» Data shown
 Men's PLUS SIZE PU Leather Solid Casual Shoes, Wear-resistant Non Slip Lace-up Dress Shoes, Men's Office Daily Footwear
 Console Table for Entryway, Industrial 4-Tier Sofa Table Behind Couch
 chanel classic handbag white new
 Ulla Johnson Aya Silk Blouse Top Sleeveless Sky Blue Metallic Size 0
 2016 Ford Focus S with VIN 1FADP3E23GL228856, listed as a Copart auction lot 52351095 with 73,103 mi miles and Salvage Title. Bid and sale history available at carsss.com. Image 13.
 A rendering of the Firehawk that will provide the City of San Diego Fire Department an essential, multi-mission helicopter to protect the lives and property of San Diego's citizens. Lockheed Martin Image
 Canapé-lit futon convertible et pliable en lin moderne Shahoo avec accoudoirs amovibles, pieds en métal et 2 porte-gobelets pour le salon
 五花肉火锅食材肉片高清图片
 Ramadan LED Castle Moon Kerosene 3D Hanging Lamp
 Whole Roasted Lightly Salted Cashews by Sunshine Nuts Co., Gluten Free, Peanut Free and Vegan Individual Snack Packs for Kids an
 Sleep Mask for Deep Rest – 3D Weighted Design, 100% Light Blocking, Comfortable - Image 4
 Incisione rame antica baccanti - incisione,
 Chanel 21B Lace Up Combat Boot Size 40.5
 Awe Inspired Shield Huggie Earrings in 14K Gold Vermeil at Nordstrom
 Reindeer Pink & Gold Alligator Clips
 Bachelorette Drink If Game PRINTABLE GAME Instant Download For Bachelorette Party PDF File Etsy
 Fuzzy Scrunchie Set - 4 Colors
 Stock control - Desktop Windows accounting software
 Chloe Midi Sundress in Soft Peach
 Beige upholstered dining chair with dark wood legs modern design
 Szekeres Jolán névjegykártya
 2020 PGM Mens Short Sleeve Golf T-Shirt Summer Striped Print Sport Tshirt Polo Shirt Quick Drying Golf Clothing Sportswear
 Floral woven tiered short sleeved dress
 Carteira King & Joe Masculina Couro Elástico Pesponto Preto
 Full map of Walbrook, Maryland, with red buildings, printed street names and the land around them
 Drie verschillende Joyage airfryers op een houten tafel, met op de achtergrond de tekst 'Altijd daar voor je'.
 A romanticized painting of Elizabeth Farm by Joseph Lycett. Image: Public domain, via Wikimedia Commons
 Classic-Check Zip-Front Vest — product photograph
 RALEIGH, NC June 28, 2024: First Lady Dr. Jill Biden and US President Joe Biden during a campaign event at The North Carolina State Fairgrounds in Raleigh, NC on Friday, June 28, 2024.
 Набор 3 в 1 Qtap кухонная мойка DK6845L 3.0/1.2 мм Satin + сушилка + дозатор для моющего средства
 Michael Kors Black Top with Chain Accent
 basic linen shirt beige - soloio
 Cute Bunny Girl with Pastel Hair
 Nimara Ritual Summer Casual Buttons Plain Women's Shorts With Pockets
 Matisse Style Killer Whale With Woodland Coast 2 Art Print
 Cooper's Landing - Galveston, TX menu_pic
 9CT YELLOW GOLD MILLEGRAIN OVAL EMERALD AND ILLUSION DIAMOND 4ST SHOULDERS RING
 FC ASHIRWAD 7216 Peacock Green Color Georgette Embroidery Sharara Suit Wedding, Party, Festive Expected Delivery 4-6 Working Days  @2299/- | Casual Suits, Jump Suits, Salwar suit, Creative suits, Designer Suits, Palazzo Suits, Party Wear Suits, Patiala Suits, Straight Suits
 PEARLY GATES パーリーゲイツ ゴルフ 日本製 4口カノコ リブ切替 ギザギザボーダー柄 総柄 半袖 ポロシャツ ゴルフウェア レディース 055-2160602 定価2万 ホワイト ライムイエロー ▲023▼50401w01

» Task directions
Could you return all lines from the data above that contain the string "Lace"?

» Exercise answer
 Men's PLUS SIZE PU Leather Solid Casual Shoes, Wear-resistant Non Slip Lace-up Dress Shoes, Men's Office Daily Footwear
 Chanel 21B Lace Up Combat Boot Size 40.5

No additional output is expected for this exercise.